Omleiding van smartcard testen

Omleiding van smartcards te testen:

  1. Maak verbinding met een externe sessie met behulp van windows-app of de app Extern bureaublad op een platform dat ondersteuning biedt voor omleiding van smartcards. Zie Functies van Windows-apps vergelijken op verschillende platforms en apparaten en de functies van de app Extern bureaublad vergelijken op verschillende platforms en apparaten voor meer informatie.

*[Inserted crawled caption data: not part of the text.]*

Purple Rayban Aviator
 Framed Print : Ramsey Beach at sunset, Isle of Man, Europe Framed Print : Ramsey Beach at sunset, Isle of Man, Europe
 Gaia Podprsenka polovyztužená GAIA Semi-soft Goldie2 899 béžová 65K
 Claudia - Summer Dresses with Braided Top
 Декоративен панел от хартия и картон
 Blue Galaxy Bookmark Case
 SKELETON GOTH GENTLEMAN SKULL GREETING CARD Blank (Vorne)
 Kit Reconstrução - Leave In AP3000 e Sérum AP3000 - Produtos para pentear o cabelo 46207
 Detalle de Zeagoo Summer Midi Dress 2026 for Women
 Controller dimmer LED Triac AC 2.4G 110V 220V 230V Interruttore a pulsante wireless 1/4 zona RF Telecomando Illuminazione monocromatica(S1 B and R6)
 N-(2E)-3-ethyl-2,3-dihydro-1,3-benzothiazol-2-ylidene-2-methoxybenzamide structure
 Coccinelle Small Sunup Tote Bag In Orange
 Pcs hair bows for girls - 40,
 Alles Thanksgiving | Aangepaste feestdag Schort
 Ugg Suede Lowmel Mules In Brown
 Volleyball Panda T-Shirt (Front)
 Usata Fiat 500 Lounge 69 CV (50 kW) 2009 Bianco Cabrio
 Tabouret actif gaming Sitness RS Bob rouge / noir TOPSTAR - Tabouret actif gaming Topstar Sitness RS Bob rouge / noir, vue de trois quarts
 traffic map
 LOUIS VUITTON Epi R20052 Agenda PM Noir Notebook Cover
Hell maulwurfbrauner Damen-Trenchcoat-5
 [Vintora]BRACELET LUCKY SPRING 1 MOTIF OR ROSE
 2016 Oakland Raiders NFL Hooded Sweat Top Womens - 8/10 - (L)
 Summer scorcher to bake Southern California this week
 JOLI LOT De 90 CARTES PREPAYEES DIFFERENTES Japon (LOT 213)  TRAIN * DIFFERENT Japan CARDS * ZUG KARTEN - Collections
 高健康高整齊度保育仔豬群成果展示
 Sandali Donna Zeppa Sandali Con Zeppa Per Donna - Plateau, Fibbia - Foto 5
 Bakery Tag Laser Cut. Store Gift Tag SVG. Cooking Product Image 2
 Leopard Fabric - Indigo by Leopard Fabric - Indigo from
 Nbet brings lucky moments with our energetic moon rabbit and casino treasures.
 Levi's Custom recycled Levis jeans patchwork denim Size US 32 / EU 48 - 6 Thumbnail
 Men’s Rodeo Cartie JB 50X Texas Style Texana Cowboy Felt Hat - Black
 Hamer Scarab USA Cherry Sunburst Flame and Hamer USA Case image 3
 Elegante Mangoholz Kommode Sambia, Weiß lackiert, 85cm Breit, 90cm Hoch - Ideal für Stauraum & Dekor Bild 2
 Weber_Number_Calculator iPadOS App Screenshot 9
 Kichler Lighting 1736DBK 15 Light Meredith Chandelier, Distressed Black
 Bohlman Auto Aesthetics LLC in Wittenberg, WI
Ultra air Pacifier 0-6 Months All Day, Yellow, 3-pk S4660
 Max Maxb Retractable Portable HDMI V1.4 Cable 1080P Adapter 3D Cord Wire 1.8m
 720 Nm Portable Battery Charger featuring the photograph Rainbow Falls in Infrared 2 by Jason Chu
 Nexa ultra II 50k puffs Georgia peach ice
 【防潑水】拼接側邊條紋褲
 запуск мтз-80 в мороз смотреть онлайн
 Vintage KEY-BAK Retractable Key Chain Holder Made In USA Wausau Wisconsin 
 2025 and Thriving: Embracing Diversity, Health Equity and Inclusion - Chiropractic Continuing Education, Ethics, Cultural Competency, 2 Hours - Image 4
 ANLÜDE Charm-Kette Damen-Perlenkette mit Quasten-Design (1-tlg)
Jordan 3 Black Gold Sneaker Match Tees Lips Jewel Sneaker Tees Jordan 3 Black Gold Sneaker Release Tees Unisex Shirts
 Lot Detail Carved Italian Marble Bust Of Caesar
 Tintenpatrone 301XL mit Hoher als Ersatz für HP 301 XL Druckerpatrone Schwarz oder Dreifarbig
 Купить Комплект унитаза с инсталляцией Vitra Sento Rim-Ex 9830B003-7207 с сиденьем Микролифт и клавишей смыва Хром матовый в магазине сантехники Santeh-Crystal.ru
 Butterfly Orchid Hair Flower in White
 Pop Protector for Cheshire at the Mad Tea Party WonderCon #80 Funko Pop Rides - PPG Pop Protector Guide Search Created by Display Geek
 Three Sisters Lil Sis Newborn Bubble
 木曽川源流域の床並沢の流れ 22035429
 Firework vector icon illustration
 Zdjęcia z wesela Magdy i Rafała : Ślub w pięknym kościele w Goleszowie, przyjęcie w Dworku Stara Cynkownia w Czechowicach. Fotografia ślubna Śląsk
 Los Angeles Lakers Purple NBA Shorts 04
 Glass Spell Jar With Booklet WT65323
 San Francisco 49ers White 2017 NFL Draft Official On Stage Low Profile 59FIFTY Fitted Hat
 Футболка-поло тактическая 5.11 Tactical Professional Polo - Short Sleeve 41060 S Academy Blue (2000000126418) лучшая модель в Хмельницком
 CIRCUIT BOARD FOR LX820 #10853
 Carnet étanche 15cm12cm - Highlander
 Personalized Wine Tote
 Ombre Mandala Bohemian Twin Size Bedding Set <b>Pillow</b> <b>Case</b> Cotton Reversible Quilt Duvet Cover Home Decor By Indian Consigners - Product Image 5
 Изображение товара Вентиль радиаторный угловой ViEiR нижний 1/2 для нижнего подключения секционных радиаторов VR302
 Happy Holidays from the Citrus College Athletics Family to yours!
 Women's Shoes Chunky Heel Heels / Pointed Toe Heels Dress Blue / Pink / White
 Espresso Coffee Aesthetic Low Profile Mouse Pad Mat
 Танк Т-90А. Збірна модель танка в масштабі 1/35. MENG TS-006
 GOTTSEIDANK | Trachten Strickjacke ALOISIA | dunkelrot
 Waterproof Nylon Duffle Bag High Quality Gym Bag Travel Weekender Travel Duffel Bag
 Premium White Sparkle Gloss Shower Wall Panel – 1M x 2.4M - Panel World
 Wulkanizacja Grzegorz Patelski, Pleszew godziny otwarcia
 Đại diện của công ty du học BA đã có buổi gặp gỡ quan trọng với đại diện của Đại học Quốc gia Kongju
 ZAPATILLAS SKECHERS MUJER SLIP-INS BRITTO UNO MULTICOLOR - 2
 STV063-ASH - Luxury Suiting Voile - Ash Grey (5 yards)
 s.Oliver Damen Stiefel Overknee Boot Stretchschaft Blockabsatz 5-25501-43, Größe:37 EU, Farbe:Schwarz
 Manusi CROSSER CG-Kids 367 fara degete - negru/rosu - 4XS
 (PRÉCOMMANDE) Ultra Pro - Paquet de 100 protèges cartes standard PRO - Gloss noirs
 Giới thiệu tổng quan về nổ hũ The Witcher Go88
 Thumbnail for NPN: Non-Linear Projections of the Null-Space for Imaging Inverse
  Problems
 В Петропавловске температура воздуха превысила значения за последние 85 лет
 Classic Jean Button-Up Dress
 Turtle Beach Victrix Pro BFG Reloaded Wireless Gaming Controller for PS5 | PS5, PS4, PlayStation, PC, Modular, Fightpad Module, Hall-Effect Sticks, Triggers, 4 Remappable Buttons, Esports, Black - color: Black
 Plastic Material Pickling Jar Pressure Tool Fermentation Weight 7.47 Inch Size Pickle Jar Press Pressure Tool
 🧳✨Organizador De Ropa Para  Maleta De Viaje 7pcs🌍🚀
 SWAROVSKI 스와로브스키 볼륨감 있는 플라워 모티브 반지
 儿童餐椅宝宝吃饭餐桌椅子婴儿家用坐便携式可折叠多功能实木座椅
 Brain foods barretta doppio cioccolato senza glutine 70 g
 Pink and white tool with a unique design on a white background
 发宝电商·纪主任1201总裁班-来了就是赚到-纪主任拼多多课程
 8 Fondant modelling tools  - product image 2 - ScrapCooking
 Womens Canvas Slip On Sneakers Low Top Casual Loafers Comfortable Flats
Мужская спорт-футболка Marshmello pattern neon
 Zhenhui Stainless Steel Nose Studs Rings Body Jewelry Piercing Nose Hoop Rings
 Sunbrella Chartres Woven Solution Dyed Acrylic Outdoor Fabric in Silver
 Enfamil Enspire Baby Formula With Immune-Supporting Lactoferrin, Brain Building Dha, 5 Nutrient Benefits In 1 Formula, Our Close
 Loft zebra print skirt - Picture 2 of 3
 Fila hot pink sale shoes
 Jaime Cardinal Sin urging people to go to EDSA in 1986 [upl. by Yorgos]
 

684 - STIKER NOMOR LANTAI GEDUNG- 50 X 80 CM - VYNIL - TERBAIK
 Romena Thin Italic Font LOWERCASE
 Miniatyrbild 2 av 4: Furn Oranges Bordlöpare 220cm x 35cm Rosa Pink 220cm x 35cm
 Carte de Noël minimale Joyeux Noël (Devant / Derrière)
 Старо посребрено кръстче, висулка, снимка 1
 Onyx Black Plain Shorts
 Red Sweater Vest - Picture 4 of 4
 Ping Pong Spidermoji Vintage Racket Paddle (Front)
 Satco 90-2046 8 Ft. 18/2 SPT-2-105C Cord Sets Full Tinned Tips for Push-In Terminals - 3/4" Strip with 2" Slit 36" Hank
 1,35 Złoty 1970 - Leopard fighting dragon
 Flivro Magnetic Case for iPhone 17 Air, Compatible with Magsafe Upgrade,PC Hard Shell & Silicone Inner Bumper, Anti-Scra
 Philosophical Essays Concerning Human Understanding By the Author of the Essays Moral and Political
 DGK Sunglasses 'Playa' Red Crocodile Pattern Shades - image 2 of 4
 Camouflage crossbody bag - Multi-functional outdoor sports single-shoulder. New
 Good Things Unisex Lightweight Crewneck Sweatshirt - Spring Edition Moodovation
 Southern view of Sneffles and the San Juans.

  2. Controleer of uw smartcards beschikbaar zijn in de externe sessie. Voer de volgende opdracht uit in de externe sessie in de opdrachtprompt of vanaf een PowerShell-prompt.

    certutil -scinfo
    

    Als smartcardomleiding werkt, begint de uitvoer vergelijkbaar met de volgende uitvoer:

    The Microsoft Smart Card Resource Manager is running.
    Current reader/card status:
    Readers: 2
      0: Windows Hello for Business 1
      1: Yubico YubiKey OTP+FIDO+CCID 0
    --- Reader: Windows Hello for Business 1
    --- Status: SCARD_STATE_PRESENT | SCARD_STATE_INUSE
    --- Status: The card is being shared by a process.
    ---   Card: Identity Device (Microsoft Generic Profile)
    ---    ATR:
            aa bb cc dd ee ff 00 11  22 33 44 55 66 77 88 99   ;.........AB12..
            ab                                                 .
    
    --- Reader: Yubico YubiKey OTP+FIDO+CCID 0
    --- Status: SCARD_STATE_PRESENT | SCARD_STATE_UNPOWERED
    --- Status: The card is available for use.
    ---   Card: Identity Device (NIST SP 800-73 [PIV])
    ---    ATR:
            aa bb cc dd ee ff 00 11  22 33 44 55 66 77 88 99   ;.........34yz..
            ab                                                 .
    
    [continued...]
    
  3. Open en gebruik een toepassing of website waarvoor uw smartcard is vereist. Controleer of de smartcard beschikbaar is en werkt zoals verwacht.